WARRENSBURG — Rural schools face declining enrollment, a lack of opportunity for graduates and little clout in Albany to address their issues, according to David Little, executive director of the Rural Schools Association.

Little said one issue is that a lot of people have moved out of the upstate region in the last decade. New York City has gained residents. Long Island and the state’s largest cities have stayed stable. But upstate has lost people.

“We had this ‘Grapes of Wrath’ exodus,” he said at a rural school issues forum held on Tuesday at Warrensburg Elementary School.

Little said Gov. Andrew Cuomo has attributed the population loss to people leaving for a sunnier climate, but not everyone is leaving for warmer weather.

People are leaving because of a lack of jobs in rural areas, according to Little. That is harming the communities and leading to societal problems, including increases in alcohol and drug abuse, rising teen pregnancy and an increase in transients. Students have more needs than ever before. There is a lot of anxiety and societal pressures.

Lawmakers in Albany fail to recognize the crisis in rural schools, because they see high graduation rates in rural areas of the state, according to Little.

“Our crisis is the two years after we graduate all those kids, they haven’t done anything. They’re back from community college. They’re back from a four-year college,” he said.

Little said 75% of students who graduate from rural school districts never complete even a two-year degree program. They have to take remedial classes to learn skills they did not acquire in high school — despite earning a diploma. Eventually, they get frustrated with having to take classes that do not count to a degree and wash out of college, leaving them saddled with debt and with no marketable skills.

Little said that is why rural broadband is as important because it will link students to the rest of the world and help improve their level of education.

Existing companies have done a horrible job, he said. Sprint and T-Mobile are merging and are committed to rural broadband; however, Little said the state has sued to block the merger because state officials believe it will decrease competition among wireless carriers.

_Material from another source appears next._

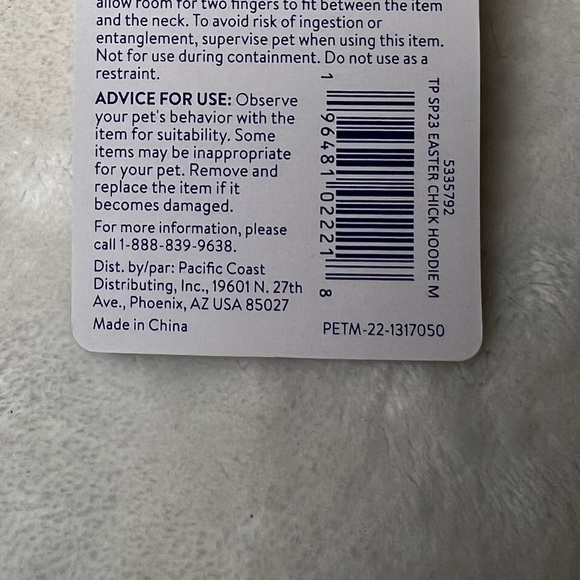 Top Paw Duck Halloween Dog / Easter Pet Costume - Picture 8 of 8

“How many generations of kids have to lose because you want to address competition that doesn’t exist?” he said.

Former Warrensburg Board of Education member Elaine Cowin said she worried about the brain drain.

“Our graduates seem to leave and never come back,” she said.

New York state loses about a quarter-million college-educated students every year, according to Little.

“In other states, they eventually come home. In New York state, they don’t come (home), because there’s no employment in your home community to come back to,” he said.

The economic development strategy needs to be something more original than putting a casino in every county, according to Little.

Little said it is a two-sided coin — whether to educate children so they have the most opportunities available to them or to you focus on retaining them here and rebuilding the community.

Funding education

Another issue is how the state funds education. Little said the funding formula is politically driven.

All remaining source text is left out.